Published on Mar 28, 2020
The objective is to determine which structure will efficiently decrease the height and speed (increase of time) of a simulated tsunami wave.
A 40 gallon fish tank measuring 36x15x17 was used. Small river style gravel was used to build sloping land into the water.
Measurements were marked along the front of the tank to measure wave height and land height. A metal yard stick was taped to the front length of the tank to measure a consistent length of the land gravel and grape Kool-Aid was used to dye the water for visibility.
A plastic lid approximately 12x14 with 2 holes was submerged in the water and pulled by nylon string attached to the holes to displace the water and create a fast moving wall of water that simulated a tsunami wave.
The structures are: a sea wall made from peg board, break waters made from 1x1 dowels cut to 3,4,5 pieces, and under water half pipes made from PVC pipe with a diameter of 1 ½ .
Each structure was place in the tank and tested 10 times while recorded with a video camera and timed with a stop watch function on a cell phone. Later the video was reviewed in slow motion to determine the wave height.
The control average height was 5.55 with an average time of 1.61 seconds. The sea wall had the best results with an average height of 4.95 and average time of 1.91 seconds.
The half pipes were a close second with average height of 5.08 and average time identical to the sea wall at 1.91 seconds.

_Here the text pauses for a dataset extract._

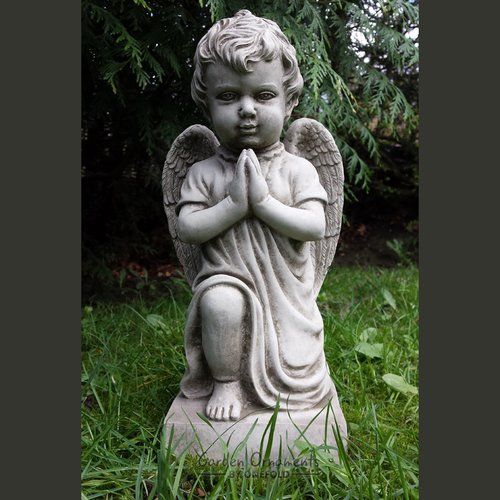 Happy Larry Lloyd Praying Cherub Stone Garden Statue | Stone .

The break waters were in last at an average height of 5.28 and average time of 1.77 seconds.
My hypothesis was correct that the sea wall would do the best in decreasing the height the most but the wave time tied with the half pipes.
My results lead me to believe that although the sea wall did the best for height by a small margin the half pipes may be a better choice given the details of the 2011 Japanese tsunami where the walls failed due to a drop in the lands sea level.
The half pipes would also be a better choice for areas that don't want an obstructed view from a sea wall.
The project is about testing which structures, between a sea wall, underwater half pipes or break waters, will lessen the effects of a tsunami by decreasing its height and slowing its speed.